# PC won't recognize Fascinate?



## xcoryedgex (Jul 2, 2011)

I searched for this problem but it seems I'm alone here. When I plug my phone into my computer it won't recognize it. As in it's the same as plugging it into the outlet. Nothing comes up on my phone and my computer doesn't even acknowledge the fact that there's anything plugged in. I checked my drivers and everything says it's working properly. I'm running ICS and I've flashed multiple ROMs (Gummy, multiple versions of AOKP Glitched as well as nonGlitched. I'm currently on AOKPCB. I've even tried mounting USB in Recovery.... any help would be much appreciated. I'm sure there's an easy solution but I can't seem to figure it out.


----------



## larryp1962 (Aug 31, 2011)

xcoryedgex said:


> I searched for this problem but it seems I'm alone here. When I plug my phone into my computer it won't recognize it. As in it's the same as plugging it into the outlet. Nothing comes up on my phone and my computer doesn't even acknowledge the fact that there's anything plugged in. I checked my drivers and everything says it's working properly. I'm running ICS and I've flashed multiple ROMs (Gummy, multiple versions of AOKP Glitched as well as nonGlitched. I'm currently on AOKPCB. I've even tried mounting USB in Recovery.... any help would be much appreciated.
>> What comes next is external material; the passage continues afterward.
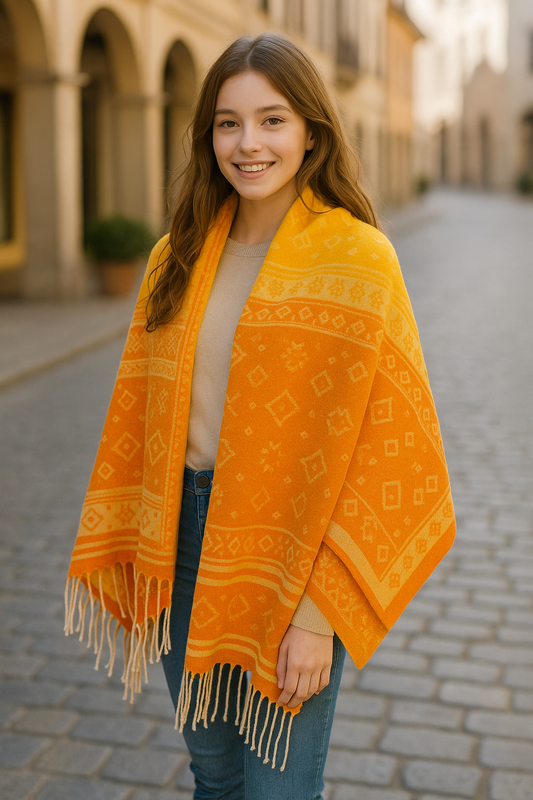 CHALINA AMARILLO - NARANJA CON FIGURAS GEOMETRICAS Y FLECOS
I'm sure there's an easy solution but I can't seem to figure it out.


Have you tried a different USB cable? Or another USB port on ur PC ?


----------



## xcoryedgex (Jul 2, 2011)

I tried every USB port on my computer, my USB cable, my dad's (which has the same phone and I've flashed AOKP on his phone as well and my computer detects his phone) and my mom's USB cable. (She has a Droid4)


----------



## Onebryteday (Jun 13, 2011)

xcoryedgex said:


> I tried every USB port on my computer, my USB cable, my dad's (which has the same phone and I've flashed AOKP on his phone as well and my computer detects his phone) and my mom's USB cable. (She has a Droid4)
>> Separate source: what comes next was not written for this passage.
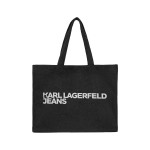 Logo Shopper Acid Denim -black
Your PC can still copy files to/from the other phones? Just not your phone? What phone, PC OS?

You may need a jig to get your phone to download mode.

I've used this site to get a jig - just in case! http://mobiletechvideos.mybigcommerce.com/

Let us know how this goes.


----------



## xcoryedgex (Jul 2, 2011)

Yeah, it's just my phone. My Toshiba Satellite has Windows Vista. Everything about my phone is posted above. What is that jig going to do, by the way? I just want it to be able to transfer files to/from my PC using USB mass storage, basically. ODIN still reads it in download mode.


----------



## larryp1962 (Aug 31, 2011)

Thats strange that Odin reconizes your phone.

If you want to copy files from your PC to your phone or vice versa, why don't you get an SD card adapter and copy files to your SD card In Your PC card slot

Or will it charge??

Have you tried flashing a different rom?


----------



## larryp1962 (Aug 31, 2011)

Well did you ever figure it out???

Noticed you've been online and no response


----------



## xcoryedgex (Jul 2, 2011)

My computer keeps me logged in. I've been trying but I just don't get it.


----------



## Onebryteday (Jun 13, 2011)

xcoryedgex said:


> My computer keeps me logged in. I've been trying but I just don't get it.


If ODIN recognizes your phone then why not flash back to a stock rom?

The stock rom should give you normal results. Unless your phone has been damaged in some way.
Otherwise idk.


----------



## xcoryedgex (Jul 2, 2011)

Onebryteday said:


> If ODIN recognizes your phone then why not flash back to a stock rom?
> 
> The stock rom should give you normal results. Unless your phone has been damaged in some way.
> Otherwise idk.


I was planning on doing that tonight. I would've liked to have found another way. I guess as long as I make a total backup in recover and come back I really have nothing to lose.


----------



## xcoryedgex (Jul 2, 2011)

I didn't do anything to my phone and today I plugged it into my computer, and, it recognized it... I have no idea how or why..


----------